I asked him if he believed that in order for others to change you first have to change yourself.  After pondering the question for a few seconds, my client said, “Yes” with a knowing smile.  He realized that he would have to change his approach, but he complained that it wouldn’t be easy.  Probably not, but still easier than trying to get other people to change!

As Josh Freedman pointed out, it is the coach’s job to help people make the transition from resistance to engagement.  In order to do that, we have to help increase the client’s awareness within themselves, in relation to other people and in relation to their organization.  My question increased my client’s awareness of his need to change as well as his resistance to doing so.  He moved a few steps away from resisting to engaging in the idea that changing his behavior could lead to a more productive outcome.

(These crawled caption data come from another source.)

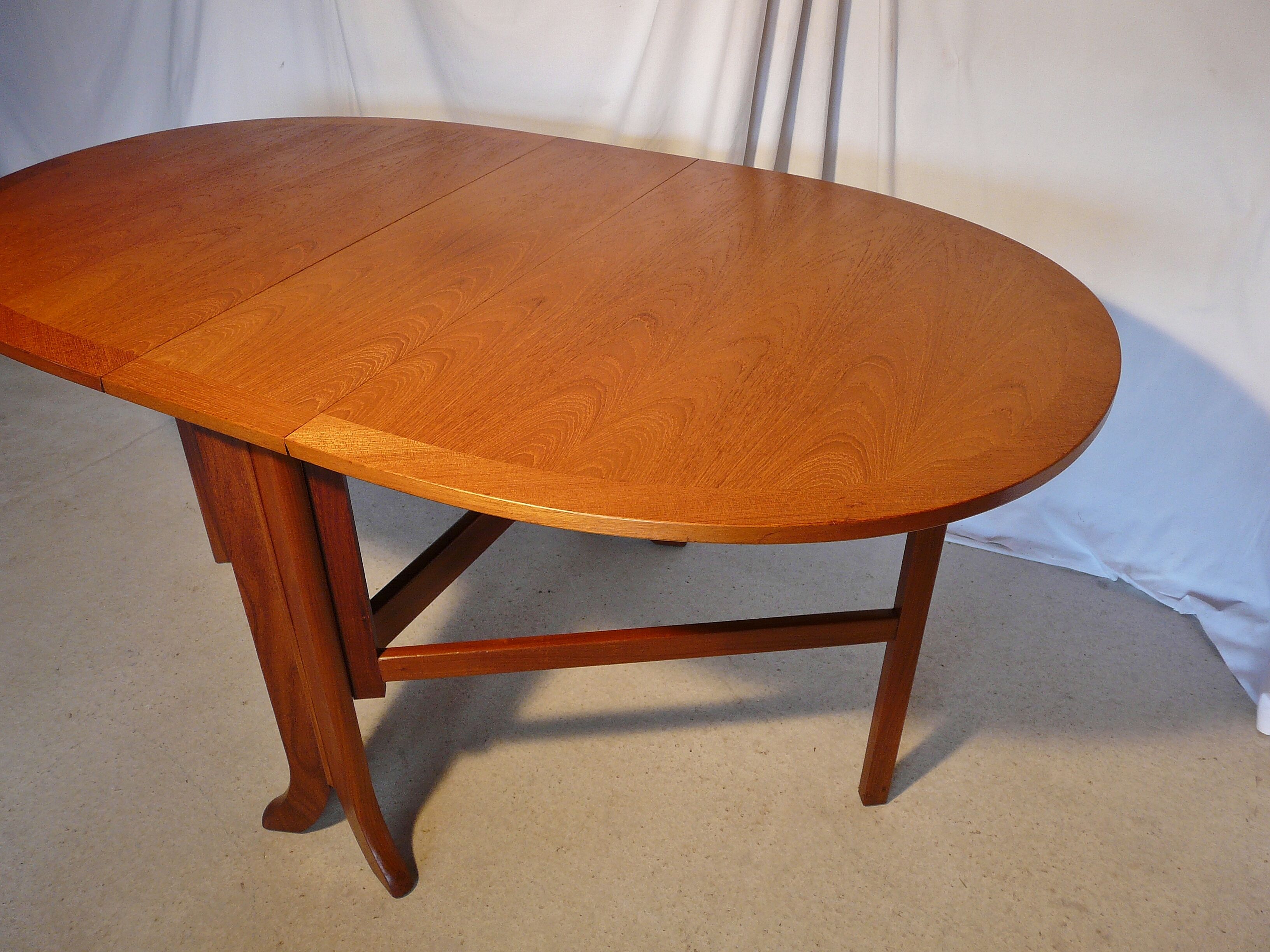 Scandinavian Nathan teak folding table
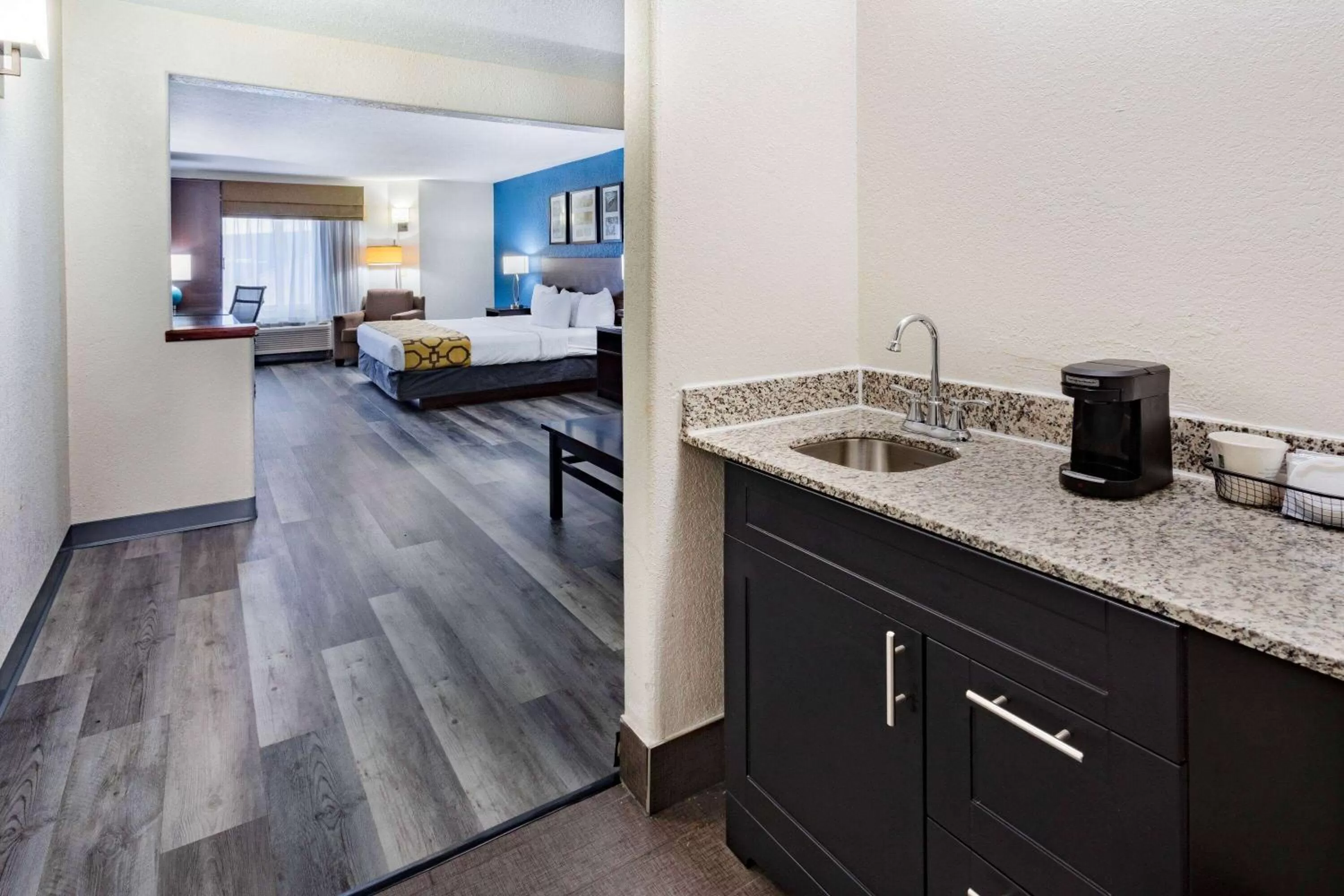 Bed in Baymont by Wyndham Milan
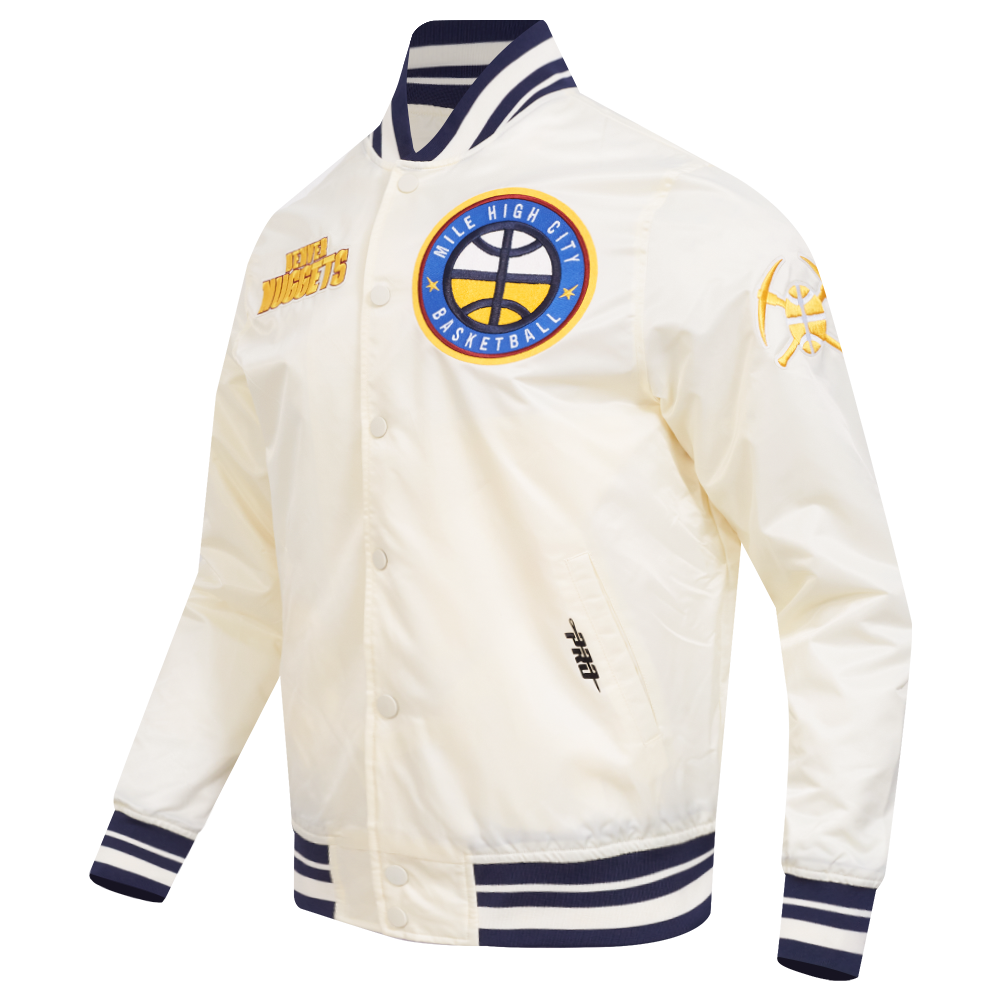 NBA DENVER NUGGETS RETRO CLASSIC BLOUSON EN SATIN À BORDS CÔTELÉS POUR HOMME (COQUILLE D'ŒUF/MARINE MINUIT)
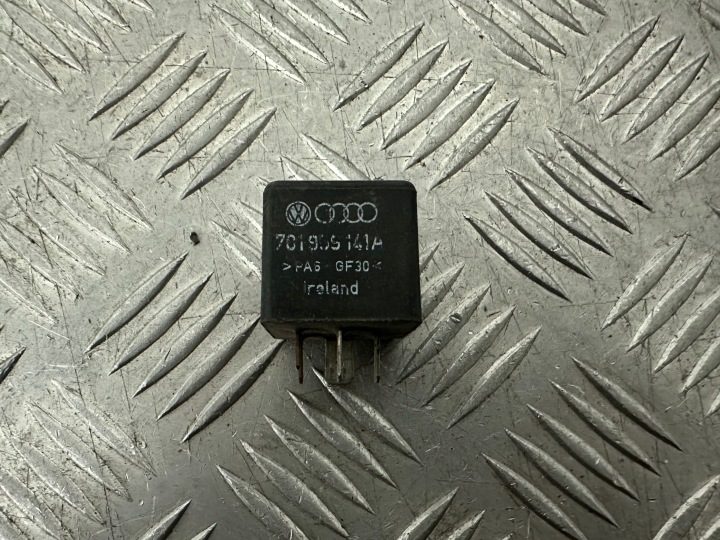 AUDI VW РЕЛЕ 114 701959141A, фото 1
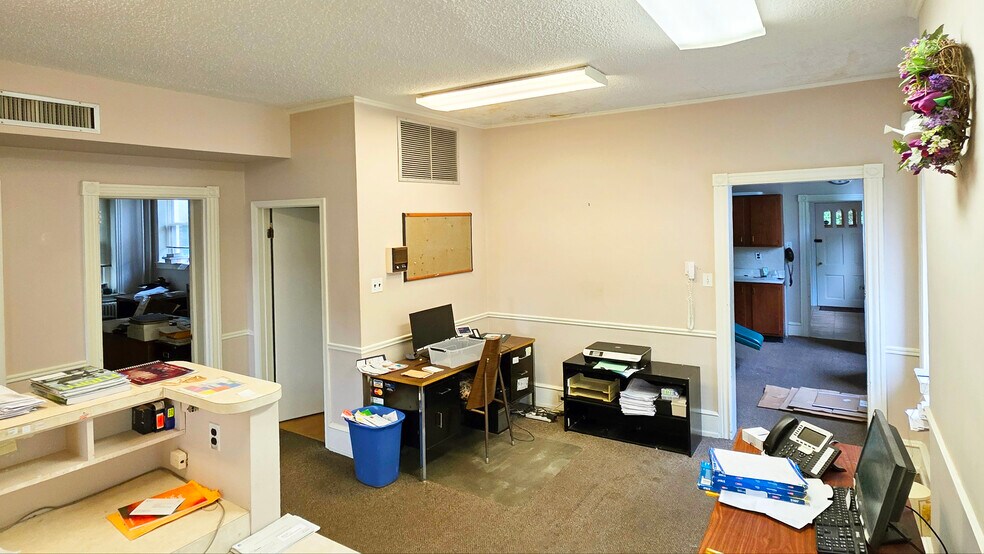 More Photos Of 5912 Ridge Ave, Philadelphia Medical For Lease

Here are some questions to increase your awareness about the need for change:

  • What am I doing that isn’t working?
  • If I change one thing, what is the likely impact on my colleagues, my business, and/or my personal life?
  • If I don’t change anything, what is the likely impact?
  • What will it cost me to change that one thing?
  • What will it cost me if I don’t change it?

When you decide to change one thing, ask yourself:

  • What is keeping me from making this change?
  • What do I need to do to overcome my resistance?

The reality is that we can’t get others to change but, if we change ourselves, there’s a good chance they may change as well.  As Gandhi said, “Be the change that you wish to see in the world.”